Dans la foulée de l’accord, la Turquie a réclamé ce 29 juin l’extradition de 33 personnes soupçonnées de terrorisme à la Finlande et la Suède.
Dans un entretien avec l’AFP, la suédoise Magdalena Andersson a salué une «étape très importante pour l’OTAN». Selon elle, les deux pays nordiques, qui ont décidé d’abandonner leur neutralité depuis le début de l’intervention militaire russe en Ukraine, seront «pourvoyeurs de sécurité» de l’Alliance.
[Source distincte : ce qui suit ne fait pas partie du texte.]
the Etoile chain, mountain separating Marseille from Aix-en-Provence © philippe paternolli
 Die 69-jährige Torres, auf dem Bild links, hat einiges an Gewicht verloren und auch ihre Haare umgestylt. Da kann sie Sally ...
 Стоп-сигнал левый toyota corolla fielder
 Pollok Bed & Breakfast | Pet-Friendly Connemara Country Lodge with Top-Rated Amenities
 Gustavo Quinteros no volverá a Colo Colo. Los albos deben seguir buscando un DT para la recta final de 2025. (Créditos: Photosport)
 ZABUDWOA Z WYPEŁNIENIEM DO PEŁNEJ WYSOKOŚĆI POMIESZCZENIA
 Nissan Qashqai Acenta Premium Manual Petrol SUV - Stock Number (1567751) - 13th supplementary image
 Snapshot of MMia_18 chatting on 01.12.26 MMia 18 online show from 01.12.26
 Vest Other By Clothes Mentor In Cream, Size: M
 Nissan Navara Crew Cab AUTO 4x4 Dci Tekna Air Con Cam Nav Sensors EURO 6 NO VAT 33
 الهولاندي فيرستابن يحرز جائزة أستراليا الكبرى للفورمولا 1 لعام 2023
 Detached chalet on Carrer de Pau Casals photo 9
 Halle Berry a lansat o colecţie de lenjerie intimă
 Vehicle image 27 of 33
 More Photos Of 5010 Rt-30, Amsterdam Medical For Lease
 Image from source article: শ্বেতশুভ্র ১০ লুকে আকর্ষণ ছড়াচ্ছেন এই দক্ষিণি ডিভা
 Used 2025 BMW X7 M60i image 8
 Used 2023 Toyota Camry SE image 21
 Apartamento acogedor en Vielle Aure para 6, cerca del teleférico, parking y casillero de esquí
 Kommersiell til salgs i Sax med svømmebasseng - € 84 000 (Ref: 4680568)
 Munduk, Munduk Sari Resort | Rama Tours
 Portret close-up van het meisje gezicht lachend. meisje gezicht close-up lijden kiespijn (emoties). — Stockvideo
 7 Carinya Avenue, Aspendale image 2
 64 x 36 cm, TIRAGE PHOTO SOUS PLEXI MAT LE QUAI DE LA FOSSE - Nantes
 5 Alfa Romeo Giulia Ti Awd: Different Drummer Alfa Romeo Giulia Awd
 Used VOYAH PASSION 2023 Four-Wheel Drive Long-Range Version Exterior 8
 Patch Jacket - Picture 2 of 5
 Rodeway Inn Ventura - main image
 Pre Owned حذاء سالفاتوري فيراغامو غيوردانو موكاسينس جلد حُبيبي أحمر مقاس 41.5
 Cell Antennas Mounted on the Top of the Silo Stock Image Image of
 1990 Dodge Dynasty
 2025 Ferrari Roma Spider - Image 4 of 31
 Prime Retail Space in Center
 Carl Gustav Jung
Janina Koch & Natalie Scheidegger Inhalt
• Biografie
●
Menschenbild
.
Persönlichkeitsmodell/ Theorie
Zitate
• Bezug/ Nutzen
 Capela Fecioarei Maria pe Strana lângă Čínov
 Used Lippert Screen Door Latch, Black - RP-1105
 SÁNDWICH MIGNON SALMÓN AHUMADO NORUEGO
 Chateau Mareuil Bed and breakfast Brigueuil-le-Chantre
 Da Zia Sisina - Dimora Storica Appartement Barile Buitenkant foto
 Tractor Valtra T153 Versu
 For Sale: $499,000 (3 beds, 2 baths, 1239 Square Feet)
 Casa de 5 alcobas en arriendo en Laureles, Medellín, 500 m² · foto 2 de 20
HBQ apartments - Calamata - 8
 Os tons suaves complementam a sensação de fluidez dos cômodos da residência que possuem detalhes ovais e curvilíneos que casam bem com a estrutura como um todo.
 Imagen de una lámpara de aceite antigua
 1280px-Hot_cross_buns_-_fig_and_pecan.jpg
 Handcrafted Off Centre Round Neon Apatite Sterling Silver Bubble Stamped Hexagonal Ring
Le Premier ministre britannique Boris Johnson a estimé pour sa part que l’adhésion des deux pays nordiques allait rendre l’Alliance «plus forte et plus sûre».
Washington satisfait
Dans un communiqué publié par la Maison Blanche, le président américain Joe Biden a «félicité la Turquie, la Finlande et la Suède» pour la signature de cet accord. L’intégration de la Finlande et de la Suède va «renforcer la sécurité collective de l’OTAN et va bénéficier à l’ensemble de l’Alliance transatlantique», a écrit Joe Biden. «Alors que nous commençons ce sommet historique à Madrid, notre Alliance est forte, plus unie et plus déterminée que jamais», a-t-il poursuivi.
Washington a affirmé que la Turquie n’a pas fait «de demande particulière de concessions aux Américains» pour lever son opposition à l’entrée de la Finlande et de la Suède dans l’OTAN, alors que Recep Tayyip Erdogan Erdogan doit rencontrer Joe Biden le 29 juin, en marge du sommet. Avant de partir pour Madrid, le président turc avait souligné que le «sujet le plus important» entre les deux pays était celui des F-16, en référence aux avions de chasse commandés et partiellement payés par la Turquie, mais dont les Etats-Unis ont suspendu le contrat de livraison après l’acquisition par Ankara d’un système de défense antiaérienne russe S-400.
La dernière rencontre entre Joe Biden et Recep Tayyip Erdogan, après des mois de brouille entre Ankara et Washington, remonte au mois d’octobre 2021 à Rome, en marge du G20, sommet qui rassemble les 20 pays les plus industrialisés.
A plusieurs reprises, la Russie a mis en garde contre les conséquences d’une entrée de la Suède et de la Finlande dans l’OTAN : en février 2022, la porte-parole de la diplomatie russe, Maria Zakharova, avait déclaré que cette adhésion des deux pays nordiques «aurait de graves répercussions politico-militaires auxquelles notre pays serait obligé de répondre». En avril, elle avait affirmé que «les conséquences négatives pour la paix et la stabilité en Europe du nord» étaient «évidentes».
Stockholm et Helsinki avaient fait état de leur intention de rejoindre l’alliance militaire dominée par les Etats-Unis après le lancement de l’offensive russe en Ukraine.